Risk management today goes far beyond protecting the balance sheet it is about building financial models that anticipate disruption, safeguard trust, and create resilience for the long term. At DHL Express India, compliance is not just a regulatory requirement; it is the cornerstone of our operational integrity and customer confidence.
The risks we navigate are increasingly multi-dimensional. On one hand, there are complexities in developing processes and systems while remaining compliant. On the other hand, risks extend into data privacy, trade documentation, and cybersecurity. For us, anticipating disruption means embedding these risks directly into financial planning and governance models, so that we do not simply react to issues but remain prepared for them.
We remain fully compliant with India’s Digital Personal Data Protection (DPDP) Act, and as a Europe-headquartered company, we have long adhered to GDPR standards. This dual compliance framework ensures consistency across borders and reassures our customers that we handle their data in a compliant manner. To support this, we have a global, regional, and country-level Data Protection Organization, and a dedicated Data Protection Council made up of cross-functional representatives from commercial, HR, customer service, and other teams. These members are trained to process data responsibly, ensuring privacy norms are upheld across every interaction.
From a security perspective, our early adoption of electronic customer solutions allowed us to build robust safeguards like data encryption, firewalls, and ISO-certified global data centers. Beyond systems, we embed security into culture: every DHL Group employee undergoes regular mandatory training on data security and privacy, while compliance and data protection modules are integrated into our Certified International Specialist program. This ensures our workforce stays aligned with global best practices.
Looking ahead, with data-driven finance expected to dominate decision-making, what new priorities will define the role of the logistics CFO over the next five?
The next five years as a defining period for finance leadership in logistics. The role will be shaped not just by capital efficiency but also by our ability to embed sustainability and data intelligence into every financial decision. CFOs are increasingly leveraging domestic credit, synthetic derivatives, and green financing tools such as ESG-linked loans to lower capital costs.

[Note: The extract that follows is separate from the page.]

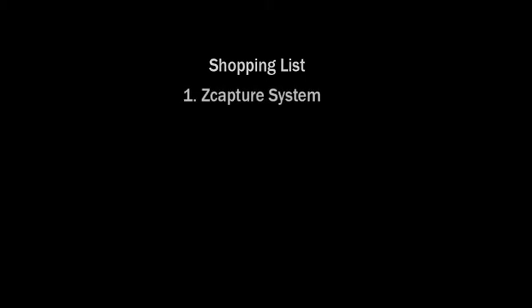A few things we're going to need. Of course number one, you're going to need your zCapture system. These are purchasable at zCapture.com. As long as you're using the zCapture software, you can use a whole lot of different options or techniques.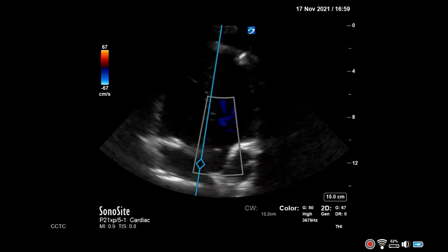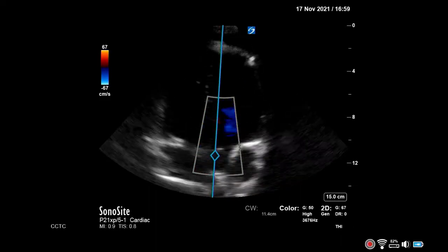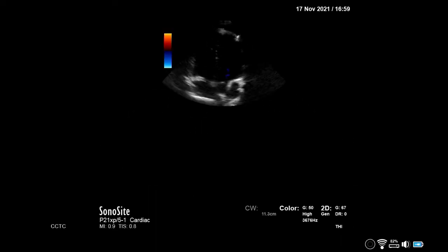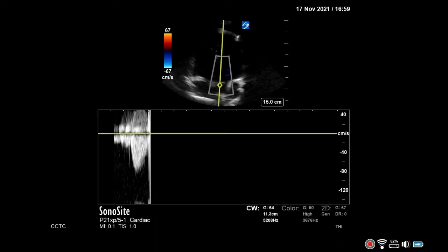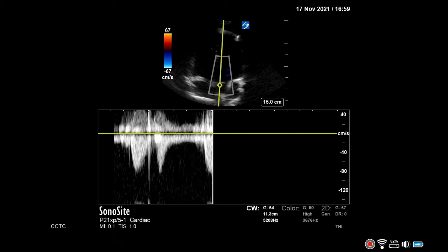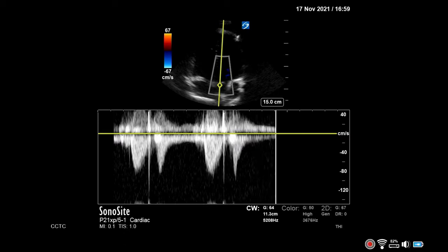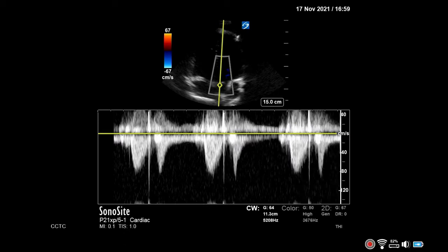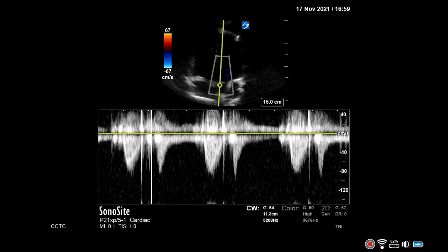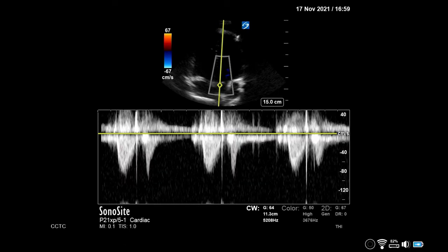Enable continuous wave Doppler and align it with the flow crossing the aortic valve. Once an adequate waveform is obtained, freeze the image. Trace the envelope to obtain the aortic valve VTI.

This becomes even more critical as India strengthens its role in global supply chains. Interestingly, according to a DBS report, 63 percent of Indian businesses view enabling ‘green initiatives and complying with green standards’ as a high priority. Additionally, in the same report, 63 percent also place equal emphasis on capital cost optimization. For us, these are not competing priorities; they go hand in hand.
The shift towards enabling ESG and sustainability compliance is another defining trend. Nearly 80 percent of Indian finance leaders today are tapping instruments like green bonds and ESG-linked loans, particularly in consumer and tech sectors where rising energy needs and investor scrutiny are high. India’s ESG debt market itself has reached cumulative issuance of USD 55.9 billion by the end of 2024, supported by stronger regulatory standards and improved disclosures. This creates a more credible, transparent landscape for sustainable finance, which directly supports DHL’s Strategy 2030 goals of decarbonization and sustainable growth.
The other change will be driven by data. As logistics CFOs, we are increasingly relying on data visualization, real-time monitoring, and predictive analytics to guide capital allocation and working capital efficiency. For me, this is about shifting finance from being backward-looking to being proactive and forward-looking anticipating risks, optimizing liquidity, and ensuring financial flexibility to support both growth and resilience.